The Trump administration on Tuesday proposed relaxing Obama-era mandates meant to block methane leaks from oil and gas wells, part of a broader assault on federal regulations designed to combat climate change.

The Environmental Protection Agency proposal takes aim at requirements forcing energy companies to find and stop methane leaks at new and newly modified oil and gas wells, amid industry concerns that the mandates are unnecessary and too expensive.

The proposal would lessen the frequency of required inspections to hunt for methane leaks, remove a requirement that professional engineers certify some equipment designs and make it easier for energy companies to deploy emerging technologies to monitor emissions.

The EPA said its changes would save an estimated $484 million in regulatory costs from 2019 to 2025 — or $75 million annually.

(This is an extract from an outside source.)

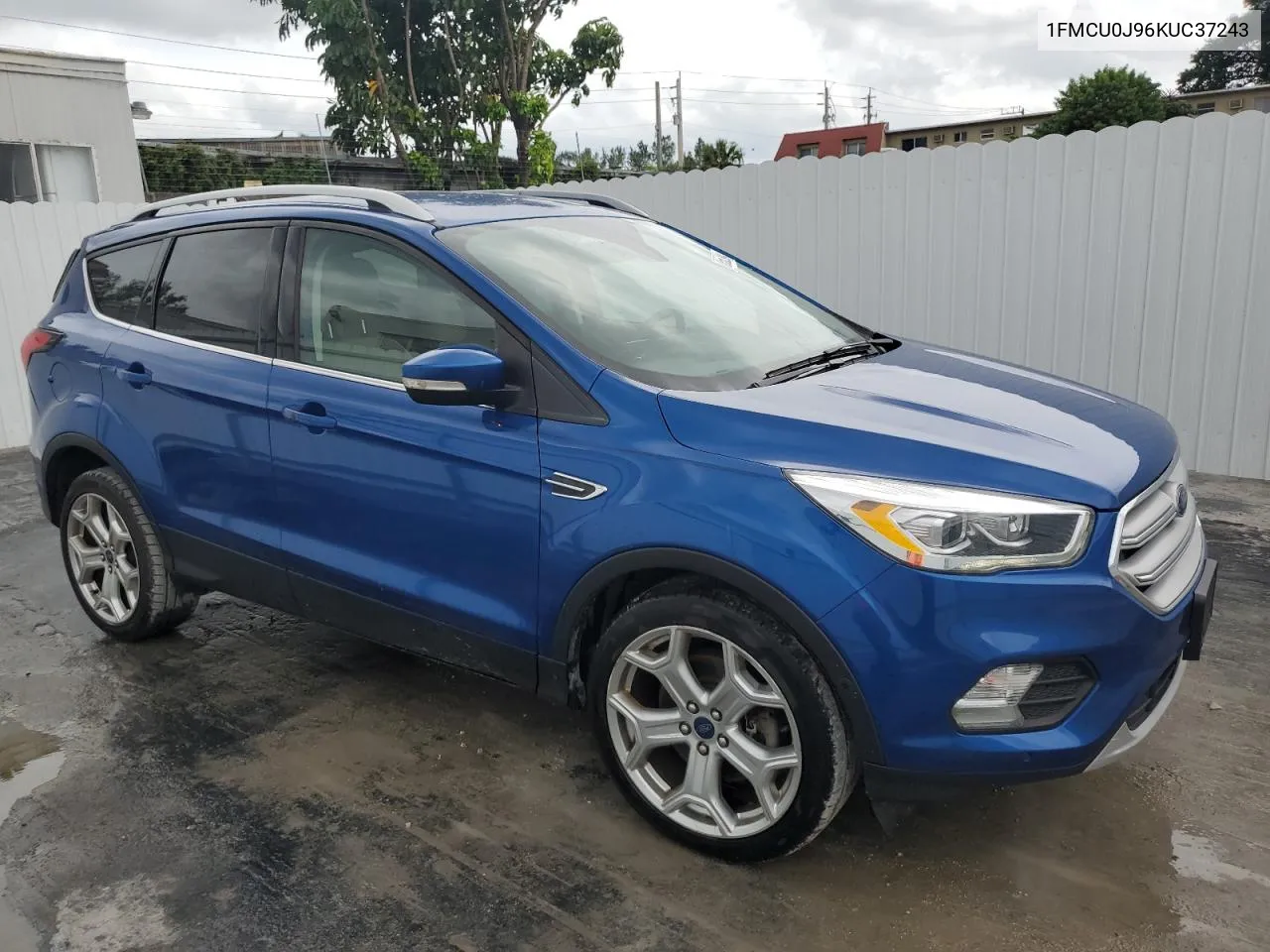 1FMCU0J96KUC37243 2019 Ford Escape Titanium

"These common-sense reforms will alleviate unnecessary and duplicative red tape and give the energy sector the regulatory certainty it needs to continue providing affordable and reliable energy to the American people," EPA Acting Administrator Andrew Wheeler said in a statement. "Removing these excessive regulatory burdens will generate roughly $484 million in cost savings and support increased domestic energy production."

The proposal will now be subject to a public comment period, paving the way for final changes next year. The effort dovetails with a separate Interior Department move to ease Obama administration mandates requiring energy companies to keep a better lid on natural gas escaping from wells on public land.

Both efforts are part of a broader assault by President Donald Trump on former President Barack Obama's climate legacy. Obama built a three-part strategy for combating climate change, with regulations capping greenhouse gas emissions from power plants, automobiles and oil wells.

Trump's EPA already proposed relaxing carbon dioxide limits for two of those targets in August: power plants and vehicles. Now, with methane, the Trump administration is taking aim at the third and final piece of Obama's 2013 climate action plan.

The oil and gas industry is the leading source of methane, an intense but short-lived greenhouse gas shown to warm the atmosphere 84 times more than carbon dioxide when measured over two decades.